Emmanuel Macron pledges tax cuts in bid to quell yellow vest protests

Emmanuel Macron has pledged to reduce taxes for the middle class and warned of the threat of illegal immigration in a bid to end five months of yellow vest protests.

In a televised speech from the Elysee Palace, the French leader said he was committed to tackling the issues raised by the demonstrators – including high taxes, stagnant wages and unemployment.

He also unveiled measures to boost pensions, help single parents, ensure a more representative parliament and ease rules on referendums, which he hopes will take the edge of protests that have gone on for 23 consecutive weeks.

On immigration, the president said: “To be welcoming, you need to have a house. So we need borders, borders to be respected, we need rules.”

And in what might be viewed as another Brexit barb, he said of referendums: “I don’t believe in permanent referendums, because referendums don’t allow for difficult decisions at the time when they must be made.”
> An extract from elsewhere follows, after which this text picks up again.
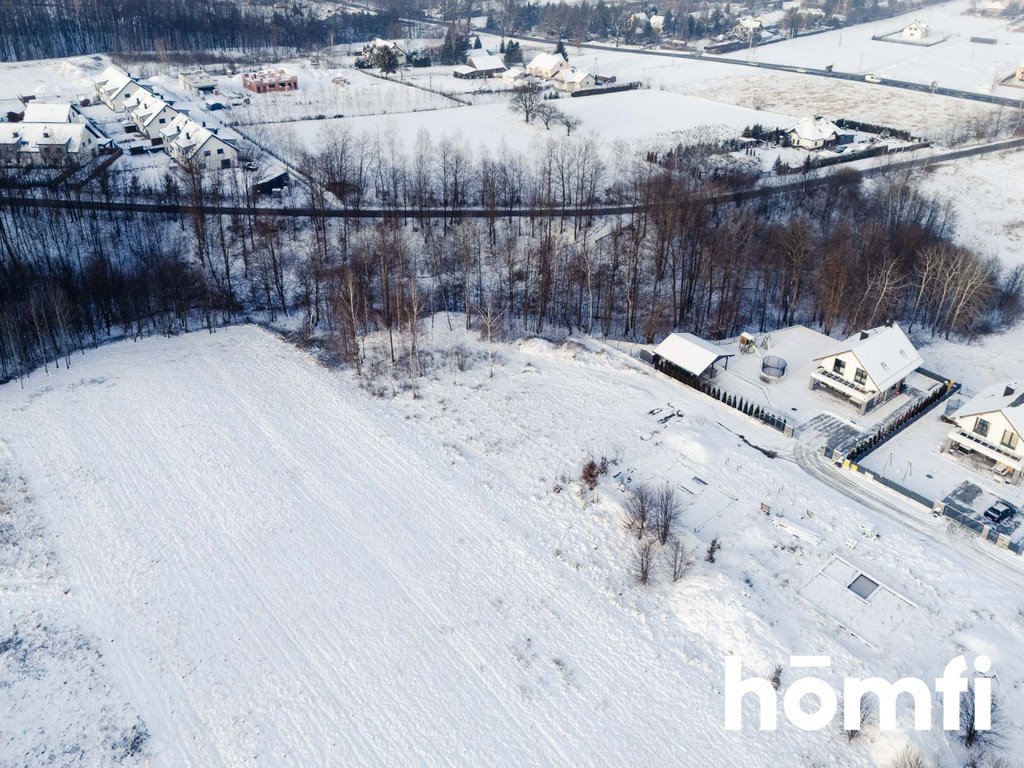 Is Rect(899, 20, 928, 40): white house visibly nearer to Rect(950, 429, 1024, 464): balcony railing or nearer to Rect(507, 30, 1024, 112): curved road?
Rect(507, 30, 1024, 112): curved road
It remains to be seen whether his intervention will have the desired impact, with critics likely to dismiss his proposals as too little too late.
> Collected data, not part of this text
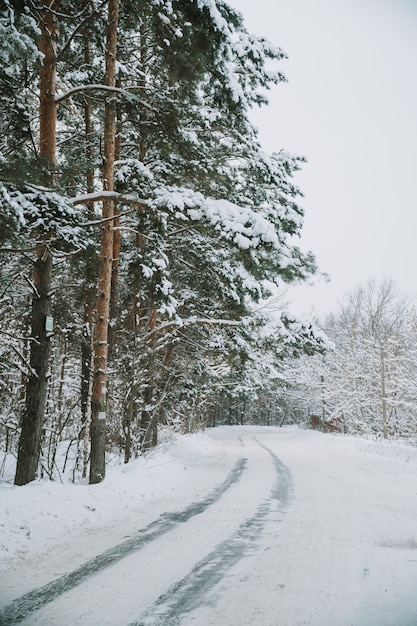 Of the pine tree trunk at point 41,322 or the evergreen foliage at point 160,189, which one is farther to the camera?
the pine tree trunk at point 41,322

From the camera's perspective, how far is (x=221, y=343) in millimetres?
13602

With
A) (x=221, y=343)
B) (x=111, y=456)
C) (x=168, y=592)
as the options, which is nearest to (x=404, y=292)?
(x=221, y=343)

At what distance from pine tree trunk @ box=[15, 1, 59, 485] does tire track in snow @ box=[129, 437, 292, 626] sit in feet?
11.5

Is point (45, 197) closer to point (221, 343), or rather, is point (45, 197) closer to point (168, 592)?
point (168, 592)

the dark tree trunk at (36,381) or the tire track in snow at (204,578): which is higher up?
the dark tree trunk at (36,381)

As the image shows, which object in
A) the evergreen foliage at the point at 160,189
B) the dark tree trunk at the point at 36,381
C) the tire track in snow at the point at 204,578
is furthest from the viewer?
the dark tree trunk at the point at 36,381

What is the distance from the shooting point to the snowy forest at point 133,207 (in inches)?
251

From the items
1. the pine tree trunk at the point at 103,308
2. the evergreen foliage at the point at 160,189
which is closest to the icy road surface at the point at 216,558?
the pine tree trunk at the point at 103,308

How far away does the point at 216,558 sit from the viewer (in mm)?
4430

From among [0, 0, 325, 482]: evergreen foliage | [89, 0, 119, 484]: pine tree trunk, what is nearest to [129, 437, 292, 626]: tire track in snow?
[89, 0, 119, 484]: pine tree trunk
Mr Macron has already made some concessions, including scrapping tax rises for fuel and on retirees, and bringing in a monthly bonus to increase the minimum wage, but they have made little difference.

The protests, which started in November over the planned fuel tax hike, have continued.
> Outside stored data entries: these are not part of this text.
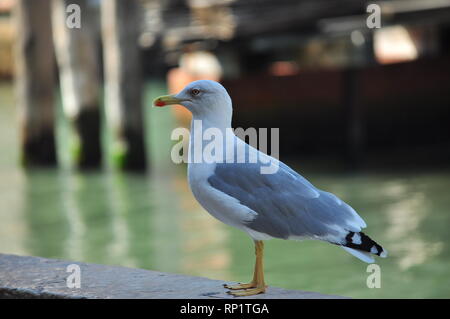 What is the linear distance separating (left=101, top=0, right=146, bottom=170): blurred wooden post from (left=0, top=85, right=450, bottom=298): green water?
0.42 m

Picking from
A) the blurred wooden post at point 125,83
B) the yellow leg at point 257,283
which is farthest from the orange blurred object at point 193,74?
the yellow leg at point 257,283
Those involved see the centrist Mr Macron, a former investment banker, as leading a government that favours the rich, with many claiming that they cannot pay their bills due to high living costs.

He has repeatedly refused to reintroduce a wealth tax on France’s richest people.

Mr Macron – who also used his address to again stress the importance of a “strong” Europe – had planned to make some economic announcements last week, but they were postponed due to the Notre Dame fire.

Government officials will meet next week to map out a schedule to implement the new measures, which Mr Macron will hope might help further nudge up his approval ratings.

Polls showed his popularity hovered around low levels for more than a year, but it has increased recently as he traversed the country taking part in the national debate over the protests.